Now I don’t have a running instal so can’t test and I have only discovered CUDA a week or so ago, so bear with me - my understanding of the doco indicates that the above code should be congruent. Several issues, presumably the compiler inlined your calls to mag01() but that would have had to use the slow 8 clock integer multiply whereas a compare with a short enough body for branch predication should be faster. This runs 8 warps for the first 2 steps then 7 for the last, whereas yours runs 8,7,8 which should be equivalent in performance. Do you agree?

One final question for the experts: if your application is significantly lumpy (blocks varying in number of running warps) is there any overhead for the warps that just drop from sync to sync (in your example the top warps drop from one to another, above the top ones wait at the last)? This is of interest if using a routine like this within a block with a full house of 16 warps.

Thanks, Eric (this is where you tell me it does not work!)

I haven’t looked in depth at your code, my brain is way too fried at the moment to make sure it works :) You’re totally right about the mag01() function… assuming predication is used, that should be a bit faster. Another approach would be to use constant memory, or a shared memory location (difficult to say which would be faster), and index in to get the value.

Actually, the number of warps I’m using is 8,6,7. I’m not sure how significant this actually is, but if you are running multiple blocks per multiprocessor, I suppose it makes a difference.

I’m not entirely sure about your last paragraph there. Not 100% understanding…

Ooops - and mine runs 8,8,6… On the last question I mean that like this code, any complex app is going to have to grab its maximum number of threads in each block and then if one does as here (always use from 0->number required, which is a neat method) the top threads (warps) will always just keep skipping from sync to sync without doing any computation until they are required. Question is does this cost anything in performance?

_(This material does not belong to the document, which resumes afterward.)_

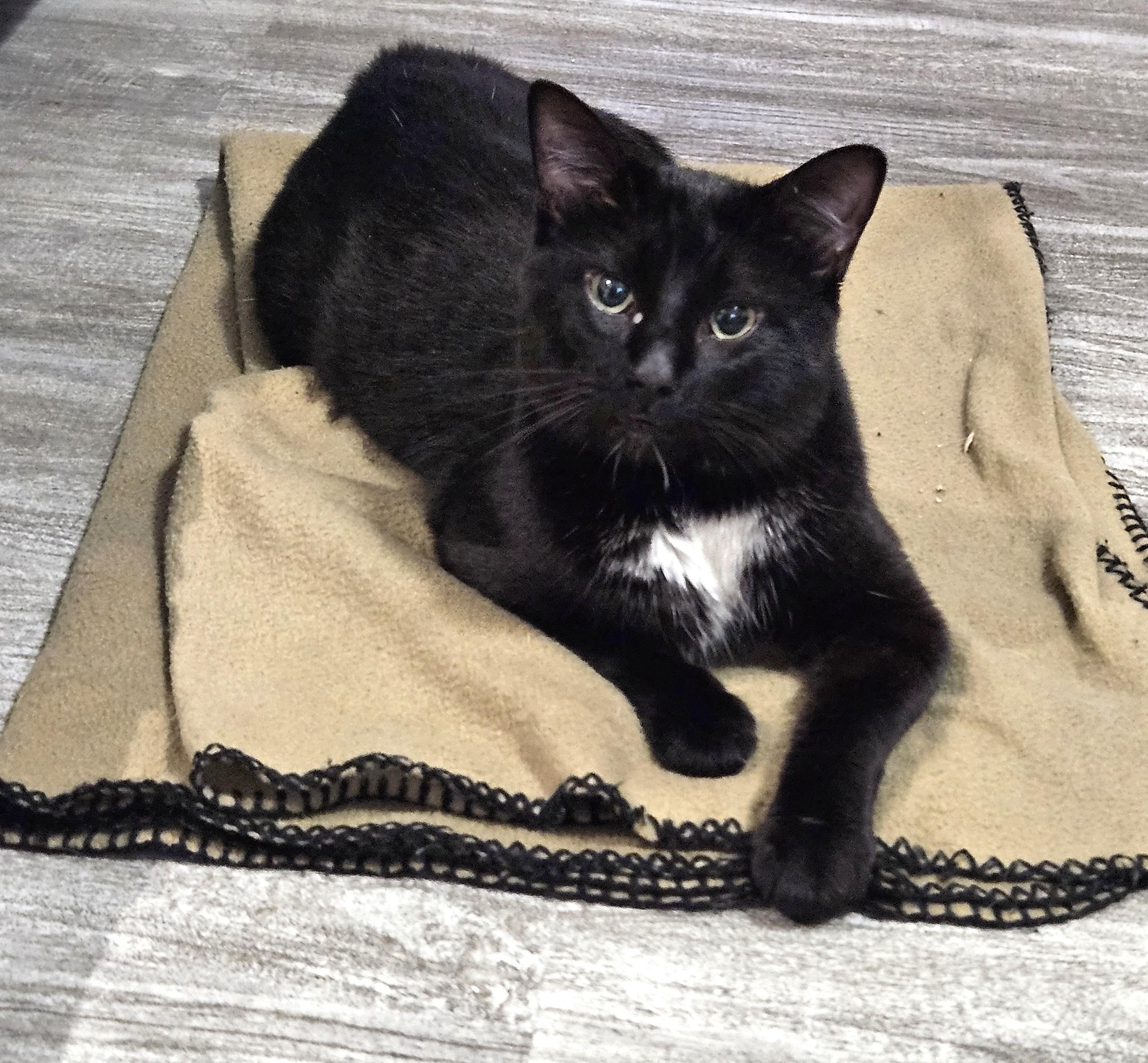 Enlarge Pete, a Adoptable Tuxedo in Stoney Creek, ON image 2/5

ed: OK there must be at least a TID comparison.

Ah, I think I understand your question. You’re wondering about the idle warps… wondering if they have overhead.

My understanding is that they are essentially free (other than the tid comparison), but this would be a question for a G80 engineer for sure.

Hi Brian, I think that there is a requirement that every thread gets to every sync, no exceptions, so my previous post was broken in that regard… try this:

#define B2      224             /* Size of second block */

   kk = tid;

   //first 227

    if(kk < N-M) {

       y = (g_seeds[kk]&UPPER_MASK)|(g_seeds[kk+1]&LOWER_MASK);

       g_seeds[kk] = g_seeds[kk+M] ^ (y >> 1);

       if (y & 1) {

           g_seeds[kk] ^= MATRIX_A;

       }

       kk += N-M;

    }

    __syncthreads();

   //next 224

    if(kk < N-M + B2) {

       y = (g_seeds[kk]&UPPER_MASK)|(g_seeds[kk+1]&LOWER_MASK);

       g_seeds[kk] = g_seeds[kk+(M-N)] ^ (y >> 1);

       if (y & 1) {

           g_seeds[kk] ^= MATRIX_A;

       }

       kk += B2;

    }

    __syncthreads();

   //last 173

    if(kk < N-1) {

        y = (g_seeds[kk]&UPPER_MASK)|(g_seeds[kk+1]&LOWER_MASK);

        g_seeds[kk] = g_seeds[kk+(M-N)] ^ (y >> 1);

        if (y & 1) {

           g_seeds[kk] ^= MATRIX_A;

        }

    }

    else if(kk == N-1) {

        y = (g_seeds[N-1]&UPPER_MASK)|(g_seeds[0]&LOWER_MASK);

        g_seeds[N-1] = g_seeds[M-1] ^ (y >> 1);

        if (y & 1) {

           g_seeds[N-1] ^= MATRIX_A;

        }

    }

    __syncthreads();

So it looks like it is possibly quite expensive to have lots of idle warps above those that you are using.

Thanks, Eric

ed: Nvidia it would be really nice if __syncthreads() would accept an arg - # of threads to sync!